◆ **WORK INSTRUCTIONS**: Return all of the data exactly, with nothing left out but the pictures.

------------------------------------------------------------

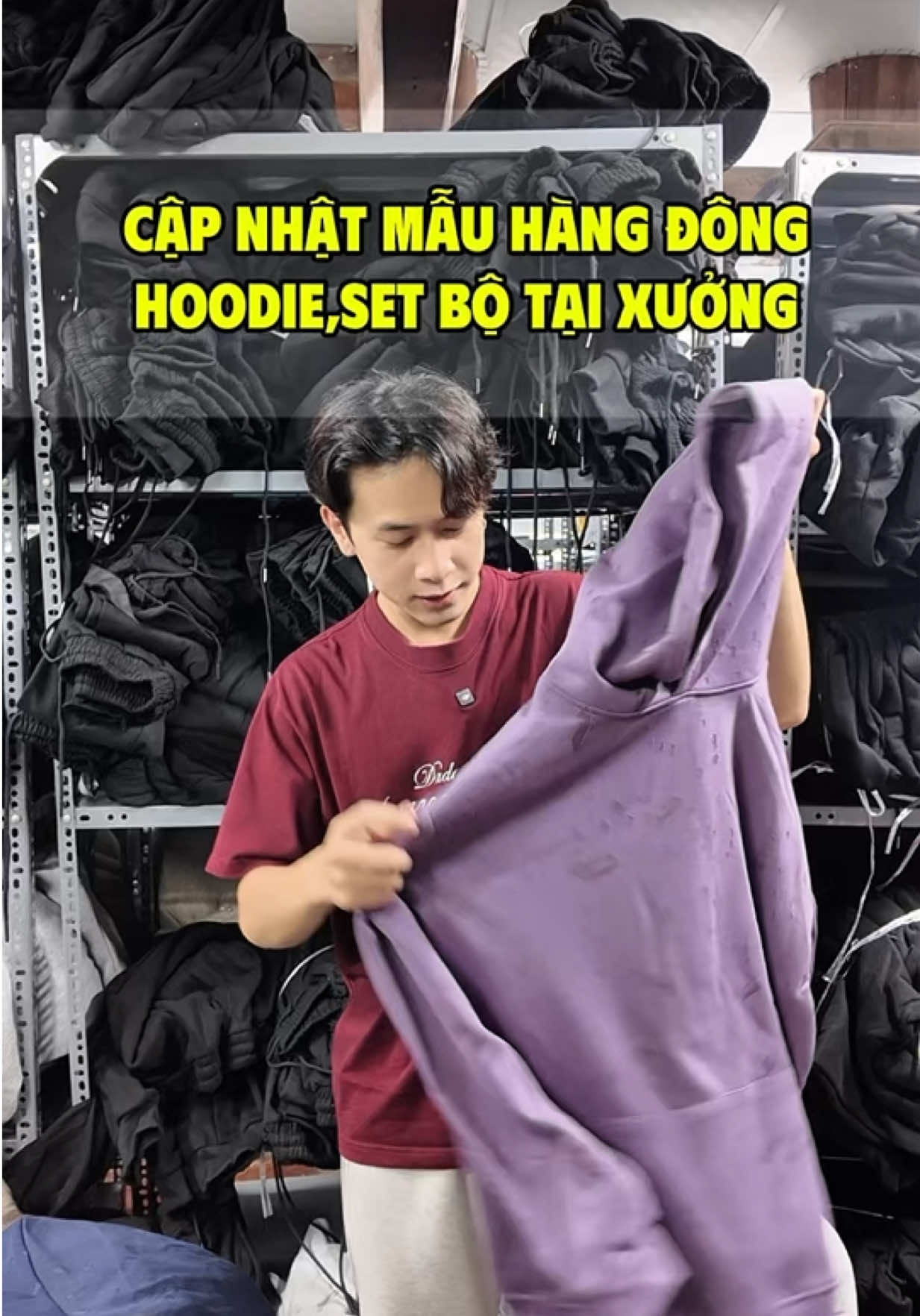 @HUỲNH ANH Ninh Hiệp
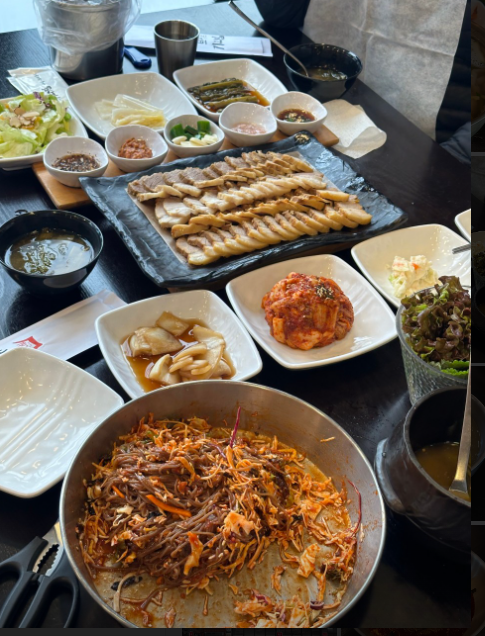 기와집보쌈1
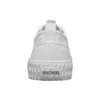 V”Lites 2.0 Low Sneakersy White
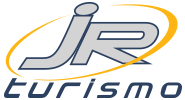 JR Turismo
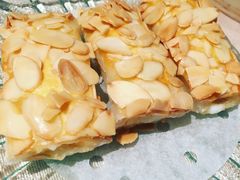 -陶陶居海鲜酒家(新马路店)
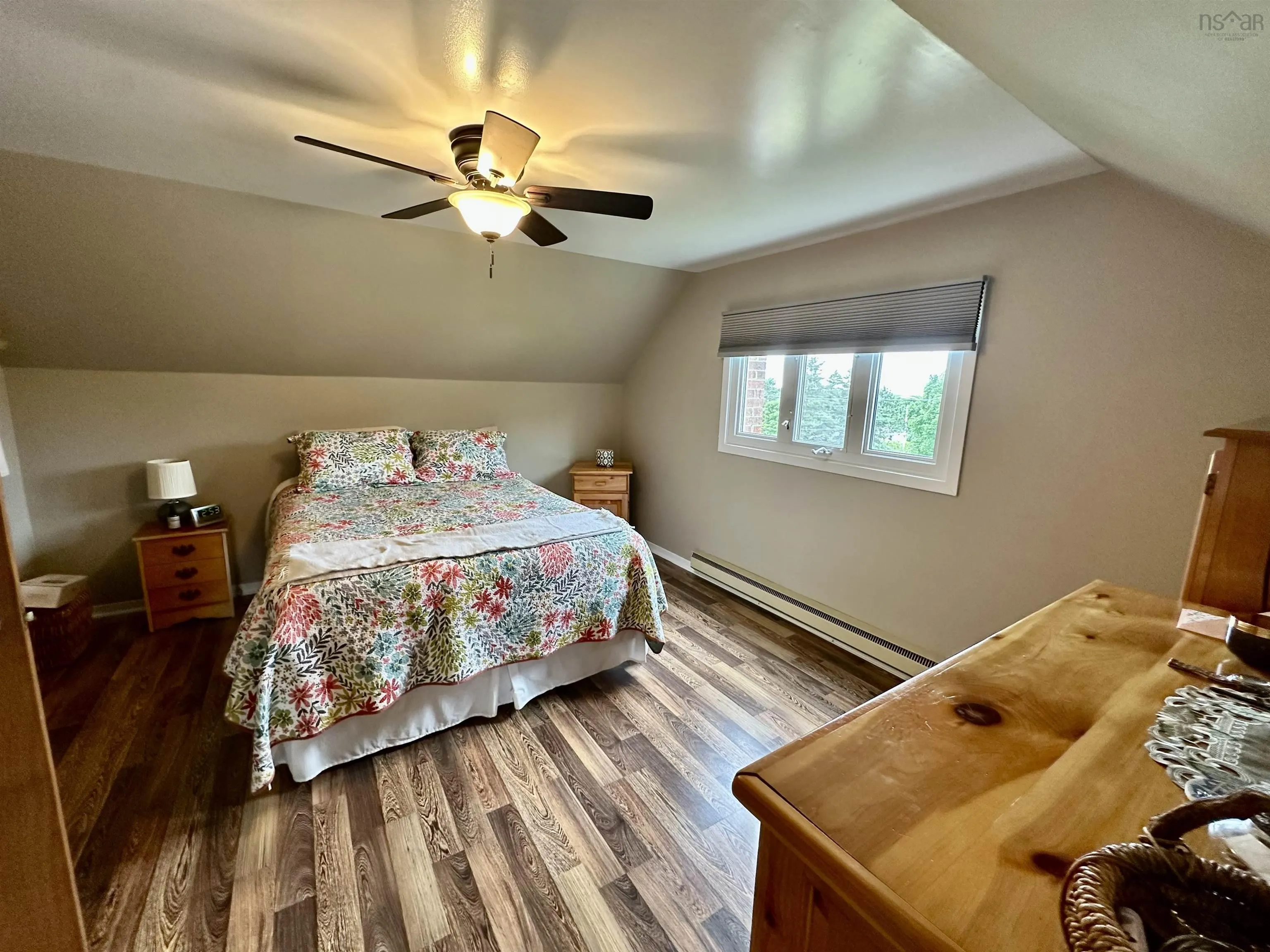 51 Rendell Drive, Little Bras Dor, NS B1Y 2Y7, 4 Bedrooms Bedrooms, ,2 BathroomsBathrooms,Residential,For Sale,Rendell,202517463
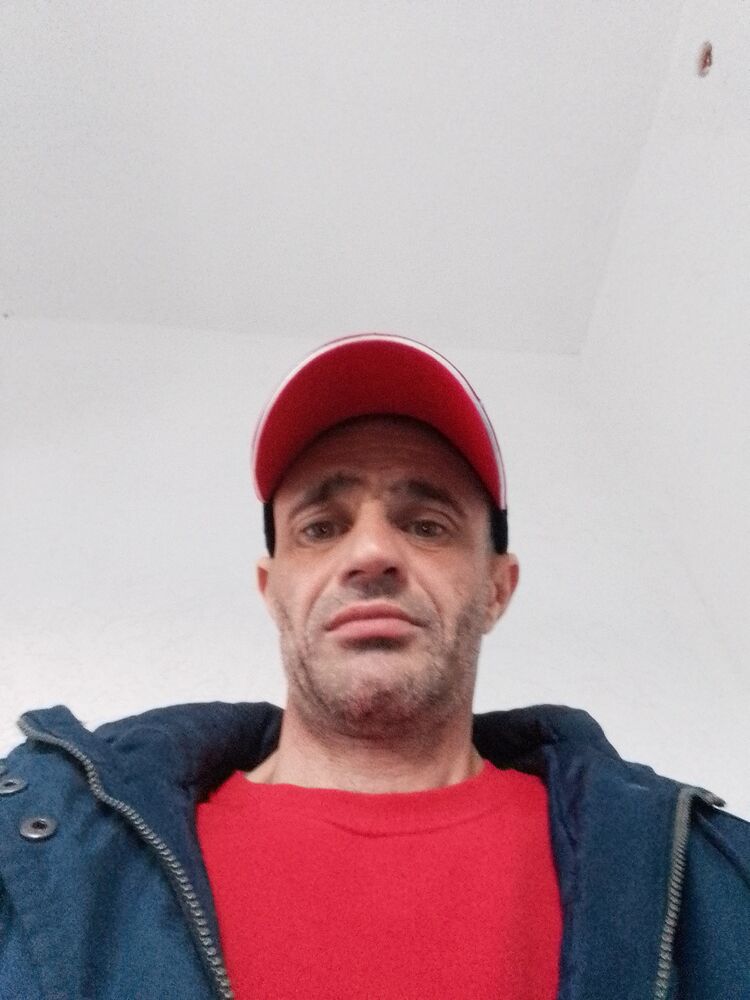  ,   , 46 ,   ,   , c ,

------------------------------------------------------------

◆ **RESPONSE BELOW**:
 @HUỲNH ANH Ninh Hiệp
 기와집보쌈1
 V”Lites 2.0 Low Sneakersy White
 JR Turismo
 -陶陶居海鲜酒家(新马路店)
 51 Rendell Drive, Little Bras Dor, NS B1Y 2Y7, 4 Bedrooms Bedrooms, ,2 BathroomsBathrooms,Residential,For Sale,Rendell,202517463
  ,   , 46 ,   ,   , c ,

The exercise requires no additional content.